◆ Supplied data:
-=-=-=-=-
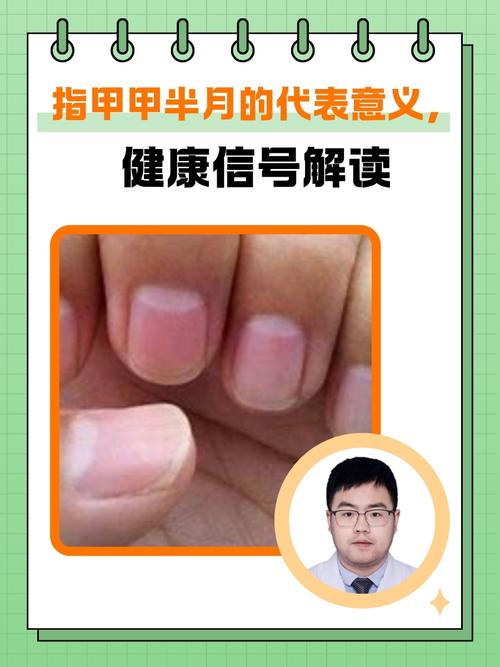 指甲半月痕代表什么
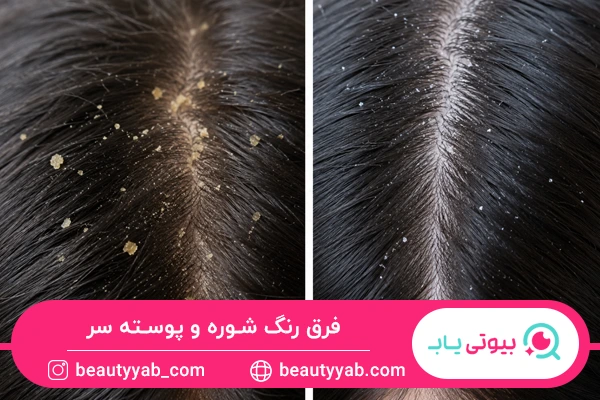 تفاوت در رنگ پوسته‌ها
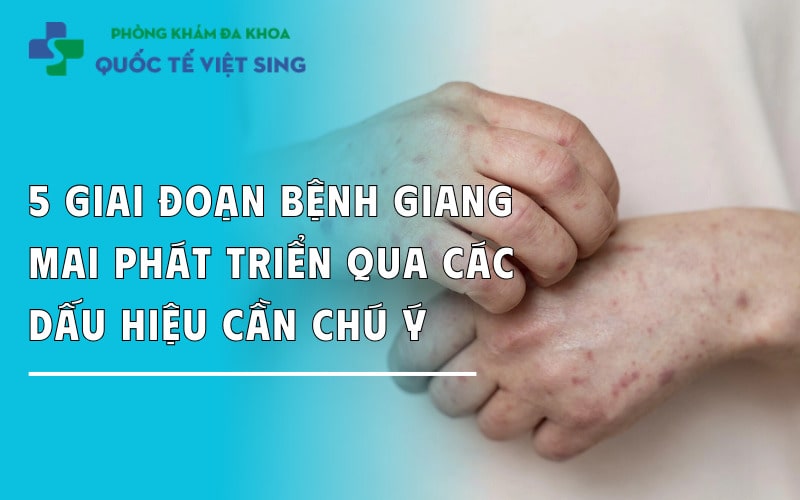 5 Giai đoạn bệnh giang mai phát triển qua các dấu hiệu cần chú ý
-=-=-=-=-
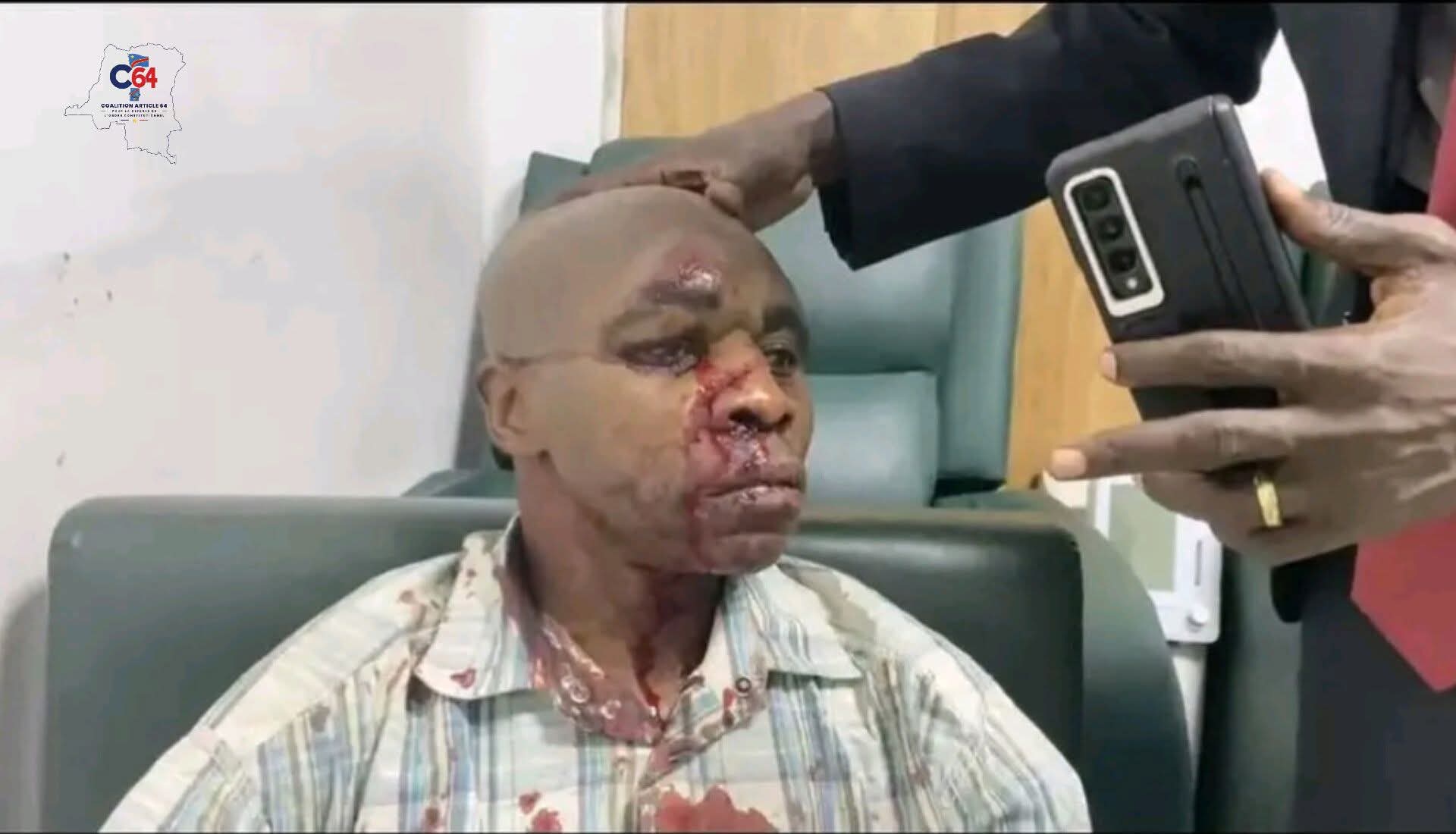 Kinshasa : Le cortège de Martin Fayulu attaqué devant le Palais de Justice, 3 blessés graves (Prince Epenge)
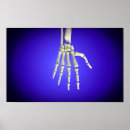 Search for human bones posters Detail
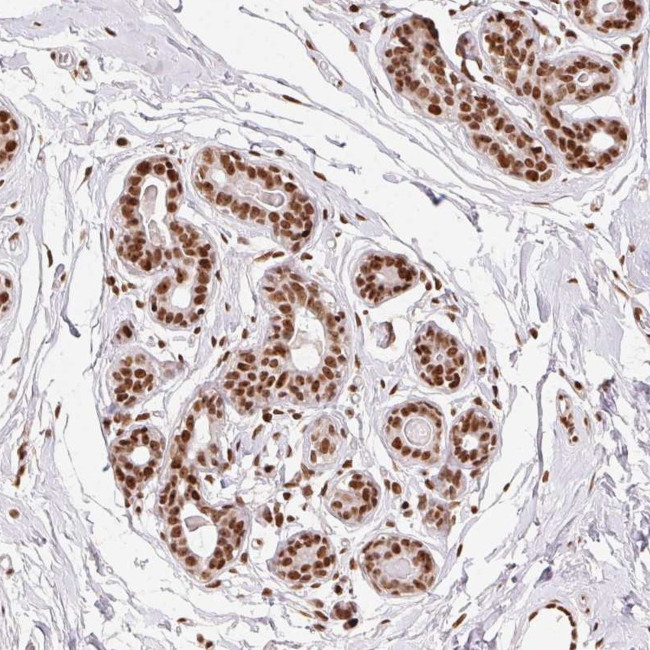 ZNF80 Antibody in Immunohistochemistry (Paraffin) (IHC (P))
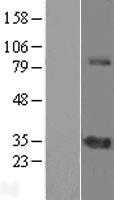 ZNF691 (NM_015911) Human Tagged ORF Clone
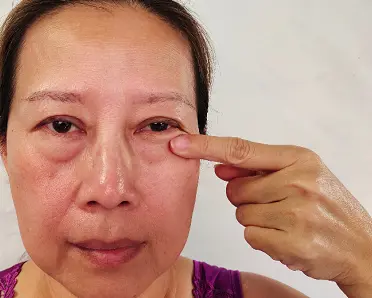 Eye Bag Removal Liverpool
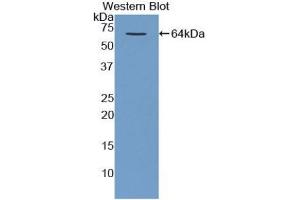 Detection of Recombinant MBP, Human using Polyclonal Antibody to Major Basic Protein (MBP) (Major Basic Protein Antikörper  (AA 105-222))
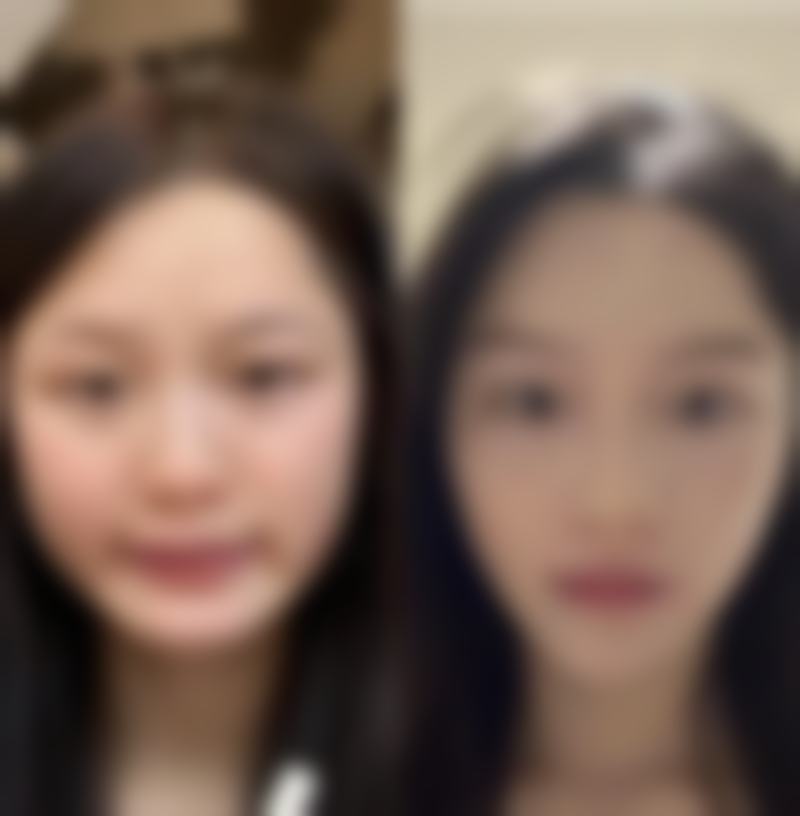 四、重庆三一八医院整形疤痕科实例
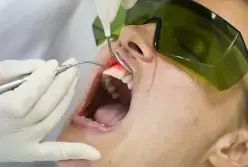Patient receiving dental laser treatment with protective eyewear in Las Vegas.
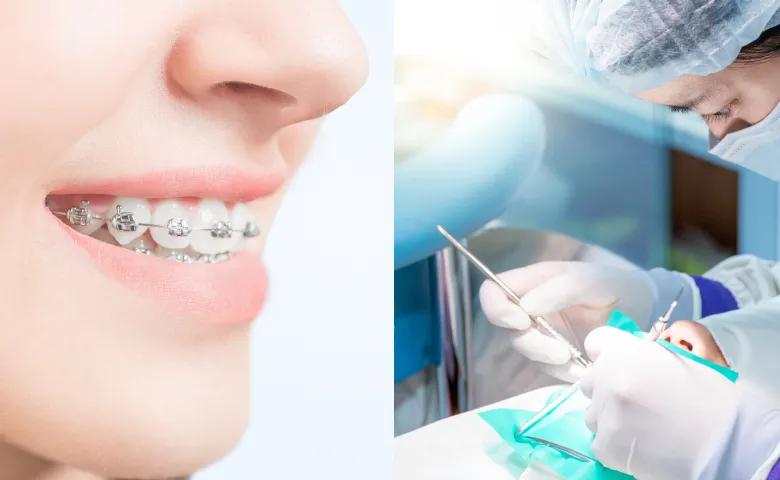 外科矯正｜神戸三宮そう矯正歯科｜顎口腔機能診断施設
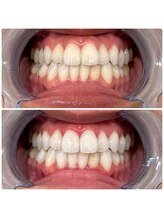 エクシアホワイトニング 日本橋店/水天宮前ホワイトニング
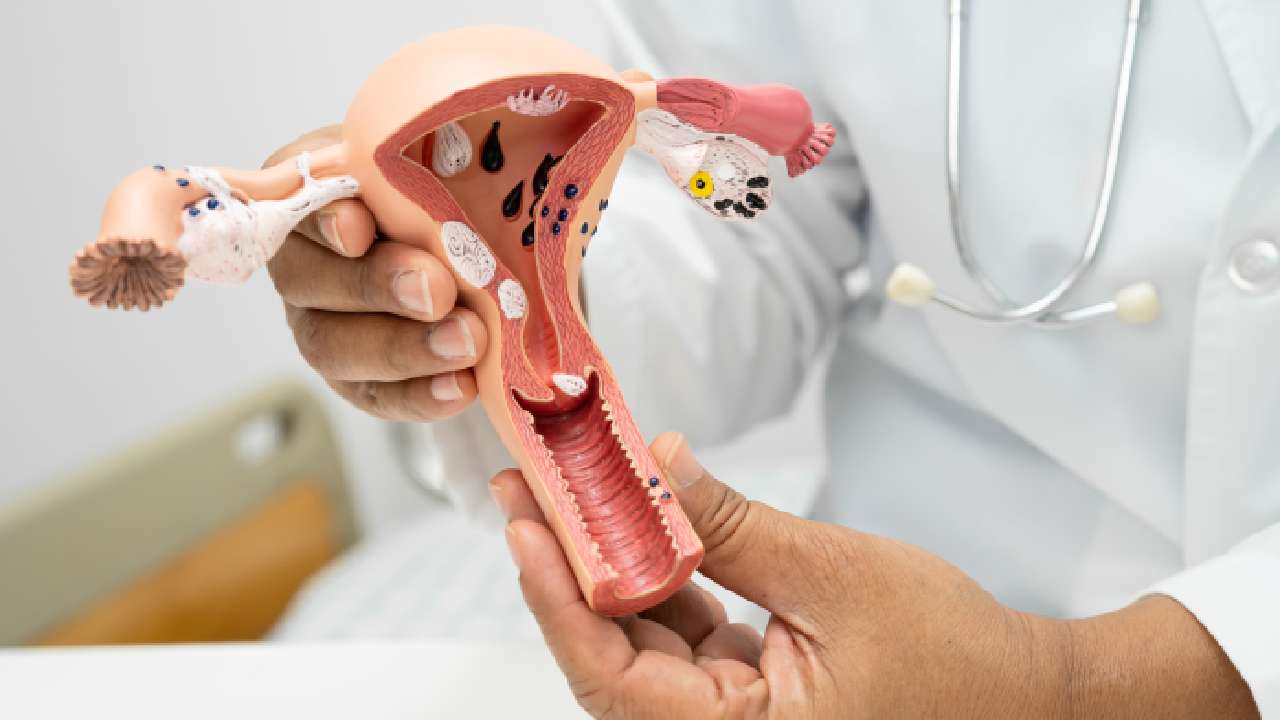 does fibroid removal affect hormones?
-=-=-=-=-
◆ What you should do: All that is wanted is the lines above between the one containing "Eye Bag Removal Liverpool" and the one containing "does fibroid removal affect hormones?", inclusive, restated word for word, with pictures omitted.

◆ Task solution:
 Eye Bag Removal Liverpool
 Detection of Recombinant MBP, Human using Polyclonal Antibody to Major Basic Protein (MBP) (Major Basic Protein Antikörper  (AA 105-222))
 四、重庆三一八医院整形疤痕科实例
Patient receiving dental laser treatment with protective eyewear in Las Vegas.
 外科矯正｜神戸三宮そう矯正歯科｜顎口腔機能診断施設
 エクシアホワイトニング 日本橋店/水天宮前ホワイトニング
 does fibroid removal affect hormones?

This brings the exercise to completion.